By: Jocelyn Chung
This blog post illustrates the role of the church for the first immigrants. Please read to the end to see Jocelyn’s personal reflection on the content of the post.
What was the role of the church for these immigrants?
In 1948, Tae-yon Whang left his home in Korea, becoming the first Korean immigrant to settle in Canada. At the same time, the prevailing attitude in the West was one of Anglo-Conformity. If the immigrant could not conform to Western culture, they would be excluded. On the flipside, if the immigrant were to conform, they would be taking on the identity of the dominant culture, which includes changing their name, speaking English, and taking on the Christian Protestant lifestyle. On top of this, new immigrants, despite their high educational attainment in Korea, were forced to work jobs leaps and bounds below what they were actually qualified to do. Most did still held onto economic security, but more than that, psychological and physical problems were what put them in even trickier positions. Korean immigrants had to endure long and hard hours doing physical labour while experiencing discrimination on a daily basis, practically unable to defend themselves.
Home Away from Home
Because of this struggle, the first Korean churches were established in the 60’s by immigrant pastors yearning to create a safe space for their own community separate from Canadian churches that were too far off from what they knew to be home. For the first immigrants, when they came to Canada, nothing was what they knew. They came to start a new life and for opportunities that they couldn’t get in Korea, but the new land was not one to welcome them. Isolation and the immigrant life were so inextricably interwoven, that they were left no choice but to create a new place suited for them and their needs. This place quickly became the church. At the church they did not need to worry about any cultural or linguistic barrier, and it was a place for them to feel empowered once again in such an inhospitable culture. The isolation they experienced was also something that was relieved by the church. It gave them a community rooted in God where they were given a voice to speak and release all the pain of hardships they had endured.
A Truly Korean Community
Church also served as the centre of social gatherings where immigrants come together with the shared experience of being an isolated newcomer in such a foreign land. When they came, they left everything only to come to a place that did not accept them. It was only natural for them to not only establish their own space, but also to maintain it, holding on to as much of their culture and lifestyle as they could. This is shown through the differences between the relationship between Korean immigrant churches and their community versus that of their homeland churches in Korea. As for immigrant churches, they maintain the distinction of the space being Korean, rather than just simply another church. This was a decision made by the first immigrants that has transcended generations, with some current immigrant churches still being distinguished as Korean. Not only this, but the first immigrants also constructed the church into an environment that would be suitable for their children to be raised in as well. Their dedication and support for the church reflected this vision, and it changed the way immigrant churches do fellowship. The congregation was much more intimate and tight knit, which also has carried on to this day as a prominent culture within the church.

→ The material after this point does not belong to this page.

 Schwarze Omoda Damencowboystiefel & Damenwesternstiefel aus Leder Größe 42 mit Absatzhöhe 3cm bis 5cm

From a theological standpoint, being discriminated in such an unwelcoming society, a need to have a place to belong, and a removal from what you know as home all combine to create the theological problem of self-acceptance. Because of this, the churches have become a place that helps its members cope with any conflicts they may be having, internal or external. This dependence by immigrants on the church made the community one of great desperation and reliance, which sustained it for many years until the next generations took it upon themselves to carry on the legacy. The church became a visible community where brothers and sisters who believed in the same thing could unite and share a common goal and hope. In so many ways, the church became their salvation. They left everything they knew to be met by an unwelcoming society, and the only thing that kept most of them afloat was the knowledge that there was a community of people like them that they could depend on and go back to. God did bless them to have such a space, a place to feel at home again. In a time where they felt like they had nothing, God gave them something. The way they were able to say “Bless the Lord” has continued on through generations, and even my generation of young people are still reaping the rewards that the first generation gave us. We are all part of a community that we can consider home, and we will continue to carry on this legacy for more generations to come.
How does this affect the way I think about my faith?
Overall, the way I think about my own personal faith is affected by studying previous generations, because I see the desperation and why they needed the church. Growing up, I assumed I just needed to go to church. I never questioned why I went, I just thought I had to. However, seeing older generations and how desperately they truly needed it made me realize that that is not the case for me. I don’t need the church, yet I continue to come. I think this stems from a genuine yearning to grow deeper in my faith that I maybe wasn’t aware of before. This is also something that I feel is ingrained in me that has transcended generations, beginning with the first immigrants.